ガラスの王様トイッカが生んだ「朝露」 真珠のような粒の輝き
フィンランドの王道ガラス食器のカステヘルミの廃盤品となったカップ&ソーサーです。フィンランド語で「露」や「しずく」を意味するカステヘルミは、ガラス作家の王様であるオイバ・トイッカによって1964年にデザインされました。ヴィンテージの特徴は表面の玉がふっくらとして立体感があり、一つひとつの粒がきめ細かな点です。さながら真珠のような美しさをたたえています。
ヴィンテージは玉の部分が大きく、光に透かしたときの美しさに奥行きがあります。メーカーは当初ヌータヤルヴィというフィンランド最古のガラス工房で製作され、後にARABIAと同一資本となり、現在のカステヘルミシリーズの復刻版はイッタラ傘下で製造されています。
こちらは古い時代のガラス作品です。ヴィンテージの持つ独特な透明感があり今では手に入らない廃盤品です。
ARABIA — フィンランドが世界に誇る陶磁器の名窯

1873年、スウェーデンのロールストランド社がヘルシンキに設立した分工場がARABIAの始まりです。当初はロシア帝国向けの陶磁器を生産していましたが、1917年のフィンランド独立後に完全なフィンランド企業となり、20世紀半ばにはフィンランド最大の陶磁器メーカーへと成長しました。

黄金時代を築いたデザイナーたち
カイ・フランク(1911–1989)は「フィンランドデザインの良心」と呼ばれ、キルタ(後のティーマ)やカルティオなど、無駄を削ぎ落とした機能美の名作を生み出しました。1949年にはARABIAのクラウンマーク(王冠のバックスタンプ)もデザインしています。
ウラ・プロコッペ(1921–1968)は、コバルトブルーの手描きが美しいバレンシア(1960–2002年)と、鉄粉を施した独特の土色が魅力のルスカ(1960年代–1999年)を手がけました。ルスカの粗い表面は日本の楽焼に似た風合いで、北欧と日本の美意識の近さを感じさせます。

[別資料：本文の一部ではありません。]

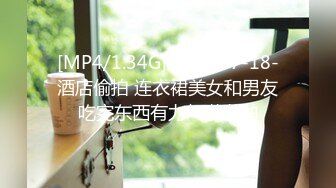 [MP4/1.34G]2023-07-18-酒店偷拍 连衣裙美女和男友吃完东西有力气啪啪啪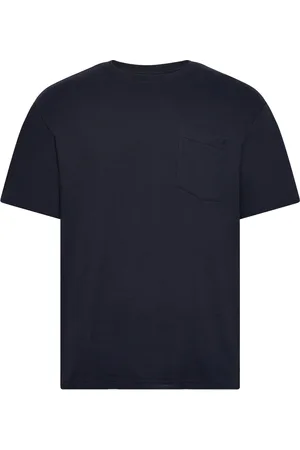 Clean Cut Calton Structured Tee Navy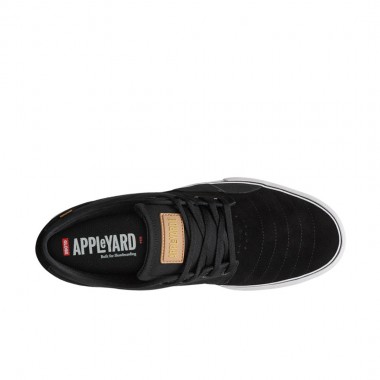 GLOBE MAHALO PLUS SHOES BLACK/TAN/WHITE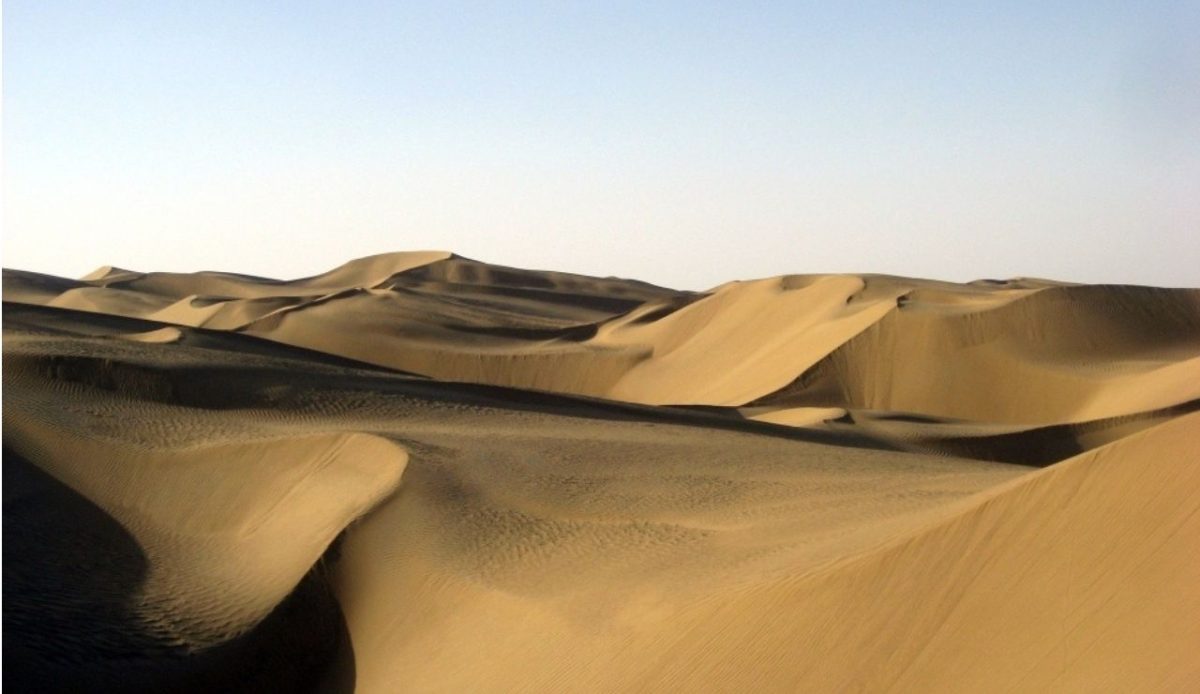 Taklamakan Desert, China                      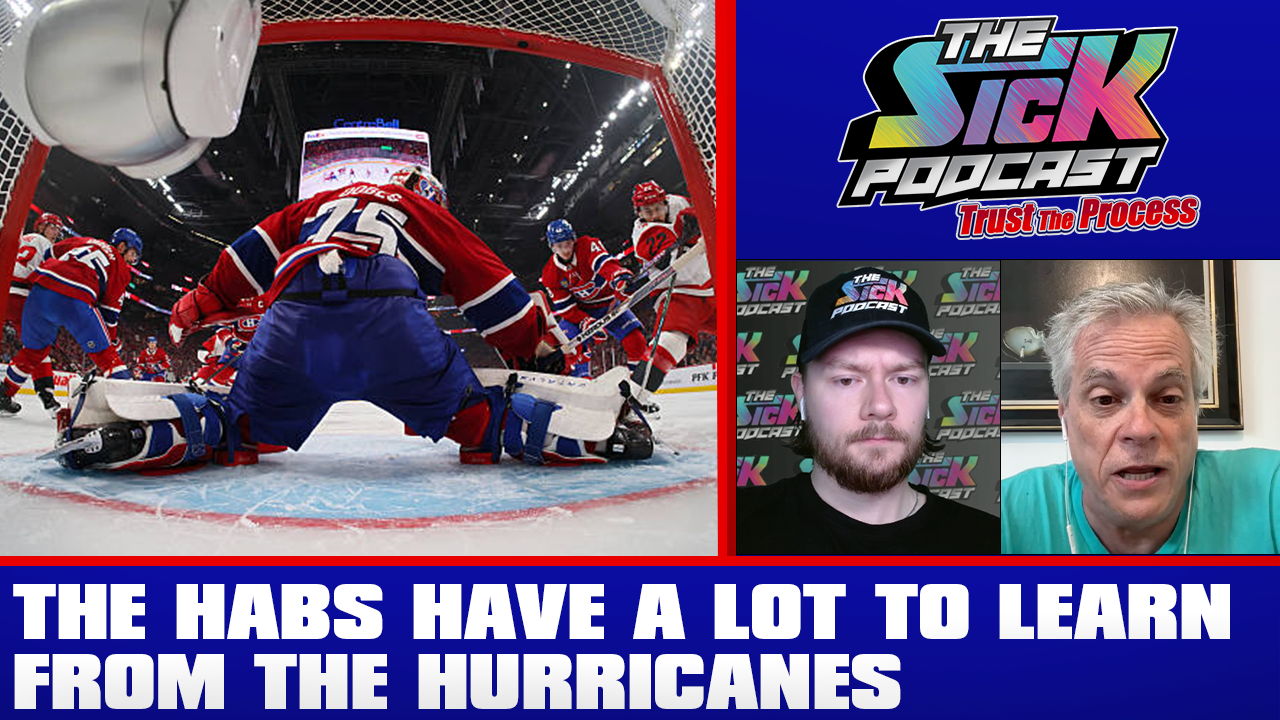 Trust The Process #70 - The Habs Have A Lot To Learn From The Hurricanes episode artwork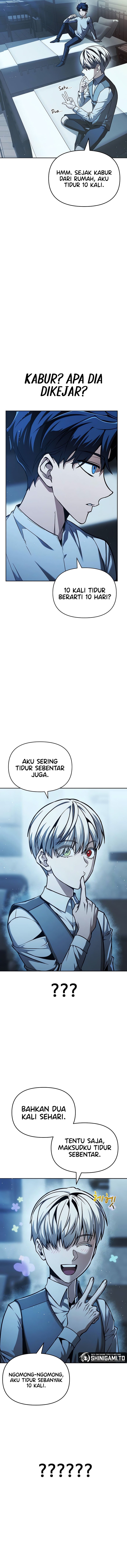 The Regressed Life Of A Back Alley Mage chapter 3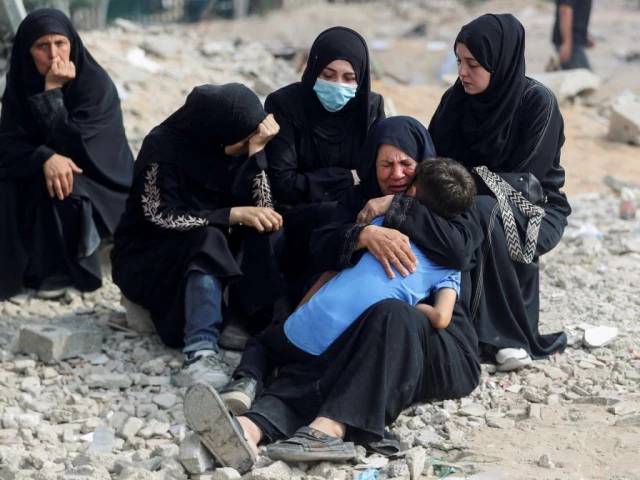 UN staff urge rights chief to label Gaza war as genocide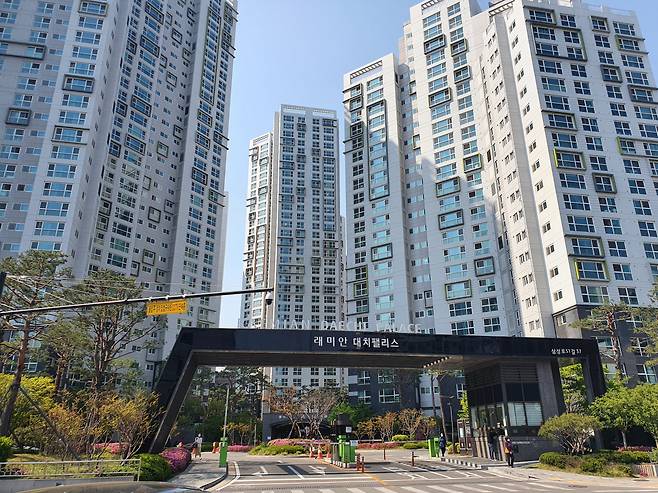 서울 강남구 대치동 래미안대치팰리스 [헤럴드경제DB]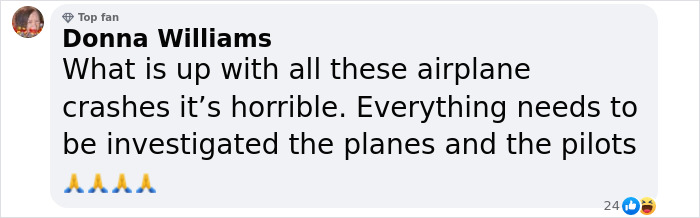 Comment on tragic plane crash near remote island, expressing concern and calling for investigation. Comment on tragic plane crash near remote island, expressing concern and calling for investigation.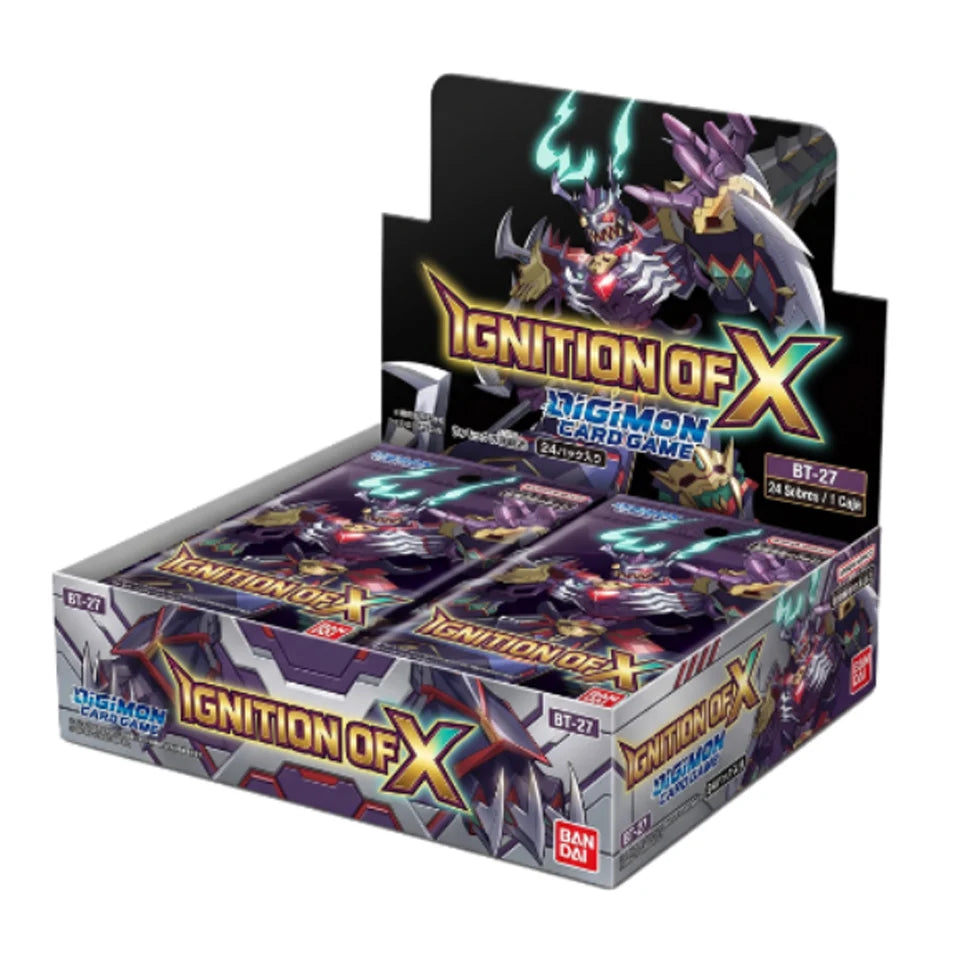Ignition of X Booster Box [BT27]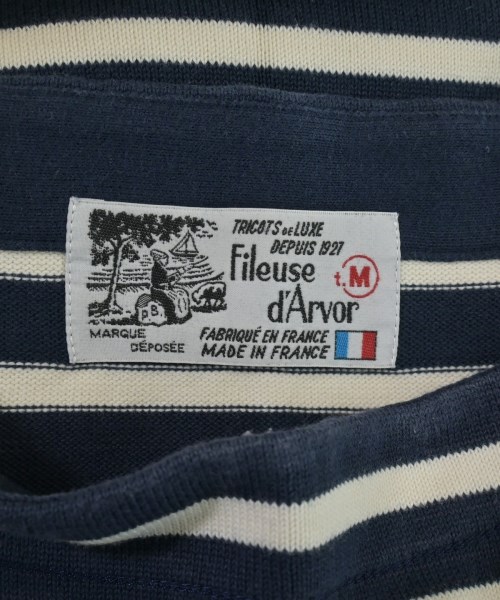 Fileuse d'Arvor（フィールズダルボー）ニット・セーター 紺 サイズ:M レディース/2200658954047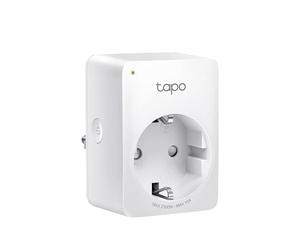 Tapo P100MA - Mini enchufe inteligente con Wi-Fi habilitado para Matter, funciona con Alexa, 2,4 Ghz, ideal para programar la conexión/desconexión y ahorrar energía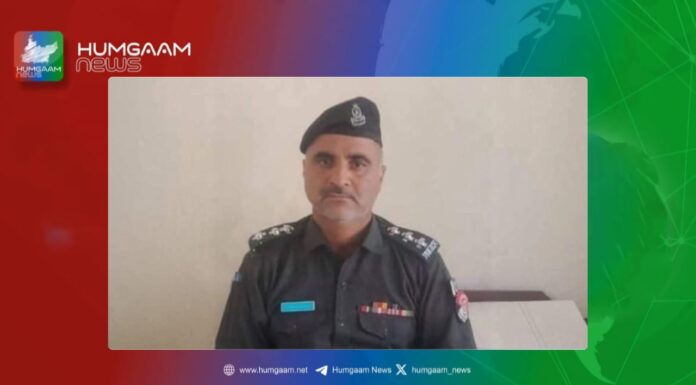 مسلح افراد کا حملہ، انسپکٹر لطف علی کھوسہ مسلح افراد کی فائرنگ سے جاں بحق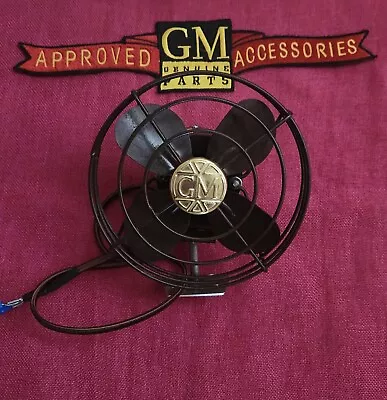 Vintage  Fan Dash Car Tag GM • $580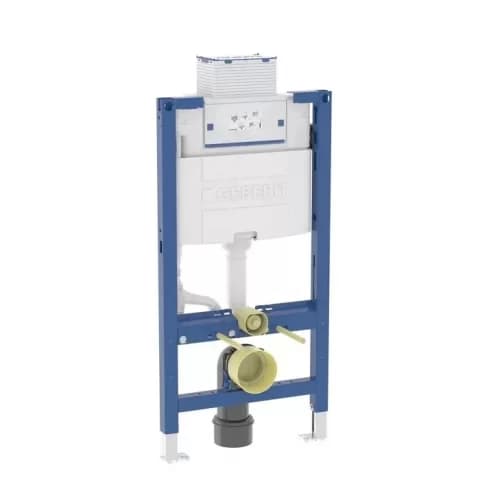 Rezervor incastrat Geberit Duofix pentru vas wc suspendat, 98 cm, cu rezervor incastrat Omega 12 cm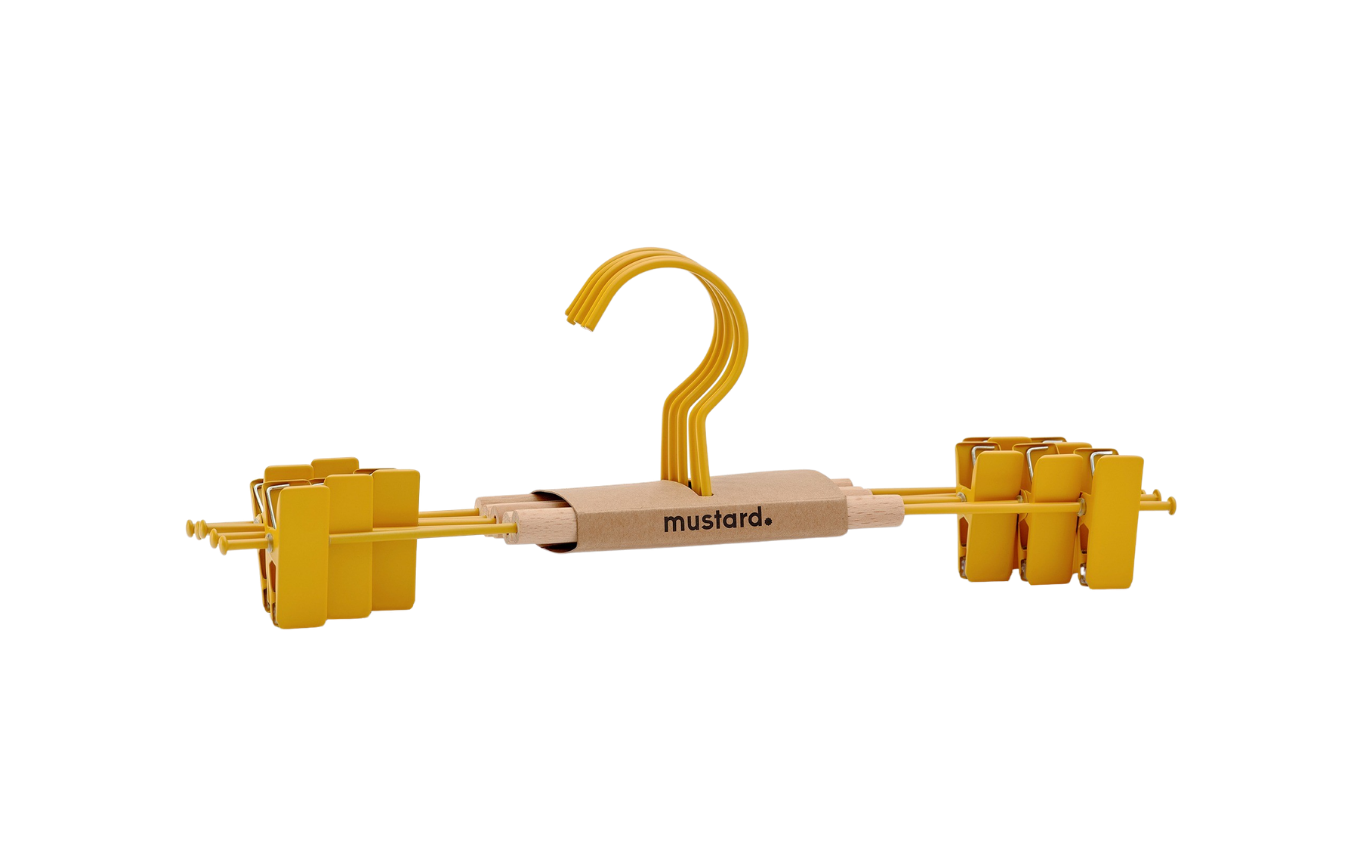 Mustard Made Adult Clip Hangers - Mustard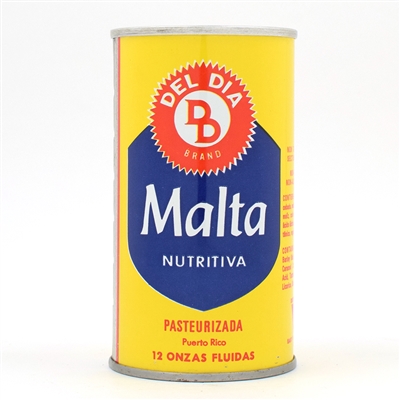 Malta Cereal Beverage Pull Tab UNLISTED MINTY
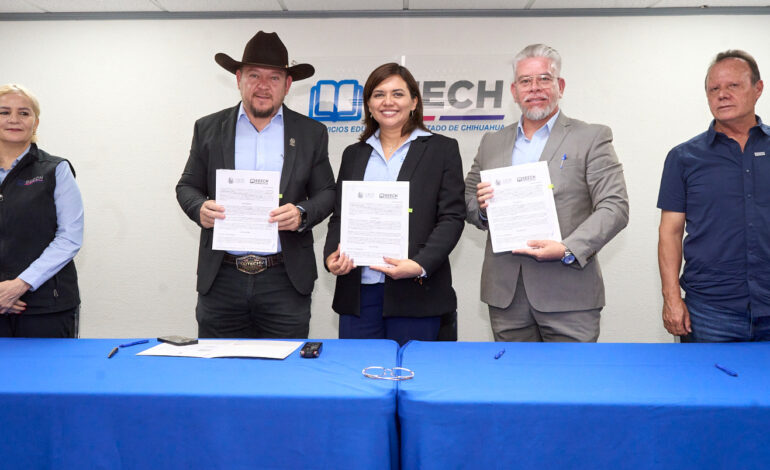  Impulsarán SEECH y UACH la educación agrícola en escuelas secundarias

このほか、ビルガー・カイピアイネン(1915–1988)は「装飾の王」と呼ばれ、名作パラティッシをはじめ華やかな装飾陶芸を制作。エステリ・トムラはフローラシリーズの植物画で知られ、ライヤ・ウオシッキネンも数多くの装飾パターンを手がけました。
ヴィンテージの見分け方 — バックスタンプ(刻印)ガイド

- 1874〜1930年頃:素地への型押し(インプレスト)が主流。1878年以降はフィンランドの紋章入りカラーマークも併用。
- 1932〜1949年:クルト・エクホルムがデザインした「パイプスタンプ」。工場に導入された122mのトンネル窯を表現したデザイン。
- 1949年〜現在:カイ・フランクがデザインしたクラウンマーク(王冠)。月桂樹の輪を逆さにして王冠に見立てた斬新なデザイン。1964年、1971年、1975年、1981年、2014年に更新。
- 生産年の読み方:1940年代以降は月→年の順で数字が刻印。2等品にはローマ数字IIや色付きドットが付されます。
- 2016年以降:ヘルシンキ工場は2016年3月に閉鎖され、現在はタイとルーマニアで生産。ヴィンテージ品はすべてフィンランド製で、「MADE IN FINLAND」の刻印があります。
■詳細スペック
- メーカー:Nuutajarvi・ARABIA
- デザイナー:Oiva Toikka / オイバ・トイッカ
- 年代:1964~1988年
- 製造国:フィンランド
- サイズ:カップ直径7cm 高さ5cm ソーサー直径 8.5cm
■コンディション:★★★★★(5:完品)
使用歴がなくソーサーにはオリジナルのシール(ヌータヤルヴィまたはARABIA)も残っているデッドストック品です。市場で入手可能なヴィンテージ品のなかでもトップコンディションの秀作です。本品は複数在庫品となります。在庫品はすべて写真と同等の完品のコンディションです。